Original source: avro-serializer-avro_serializer-_resolve_record

Function: resolverecord in avro-serializer/avro_serializer.py

Date: 2026-05-29

Time: 12:44

`resolverecord` — Avro Schema Evolution for Records

Purpose

resolverecord implements schema resolution between two record schemas — a writer schema (used when the data was serialized) and a reader schema (what the current application expects). This is the core mechanism enabling Avro's schema evolution: it lets you read data written with an older (or newer) schema using a different schema, as long as they're compatible.
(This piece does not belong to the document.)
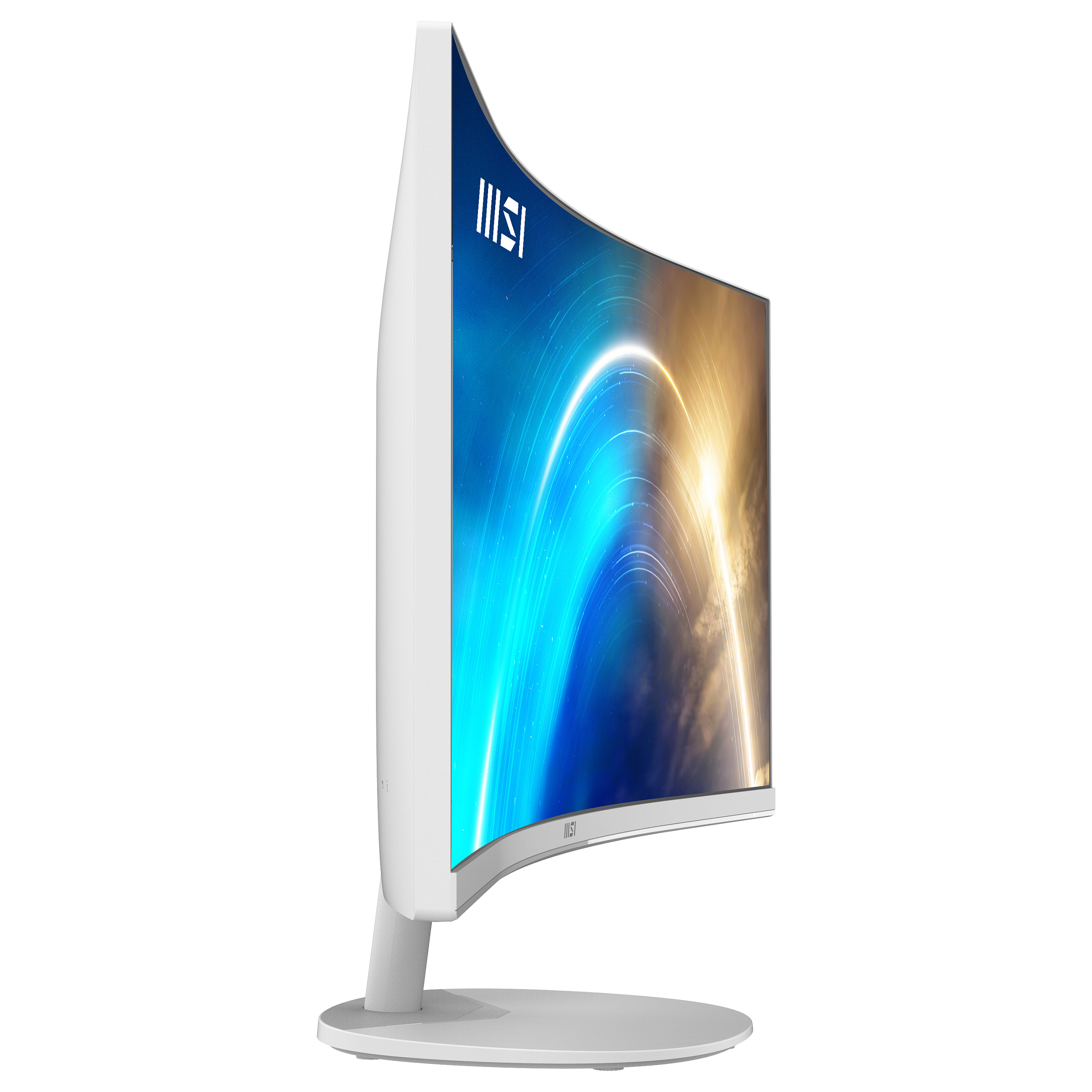 Monitor MSI Pro MP341CQW / 34" / UWQHD VA Curved / 100Hz / 1ms / HDMI+DisplayPort - Bardhë - 3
This exists because in real systems, schemas change over time. A producer might add a field, remove one, or reorder them. Without resolution, every consumer would need to use the exact schema the data was written with. resolverecord bridges that gap.

Contract

Preconditions:

buf is a readable io.BytesIO positioned at the start of a serialized record
writer and reader are both Schema objects with typename == "record" and matching name properties (the caller in decode enforces the name check before calling)
The bytes in buf are laid out in writer field order — this is how Avro binary encoding works (no field tags, just sequential values)

Postconditions:

buf is advanced past all writer fields (consumed or skipped)
Returns a dict with exactly the reader's fields, in reader field order
Every reader field has a value — either decoded from the wire, or filled from its default

Invariants:

Writer fields absent from the reader are fully consumed (skipped) from the buffer — never left dangling
Reader fields absent from the writer must have a default, or resolution fails

Parameters

| Parameter | Type | Description |

|-----------|------|-------------|

| buf | io.BytesIO | Binary stream positioned at the start of the record's serialized data. Must contain enough bytes for all writer fields. |

| writer | Schema | The schema used when the data was encoded. Determines what's on the wire and in what order. |

| reader | Schema | The schema the caller wants the data shaped as. Determines which fields appear in the result and their order. |

Edge cases: If writer and reader have identical fields, this degenerates to a simple sequential decode. If the writer has zero fields, the result is built entirely from reader defaults.

Return Value

A dict mapping field names (strings) to decoded values. The keys are exactly the reader's field names. The caller (_decode) returns this directly — no further transformation is applied.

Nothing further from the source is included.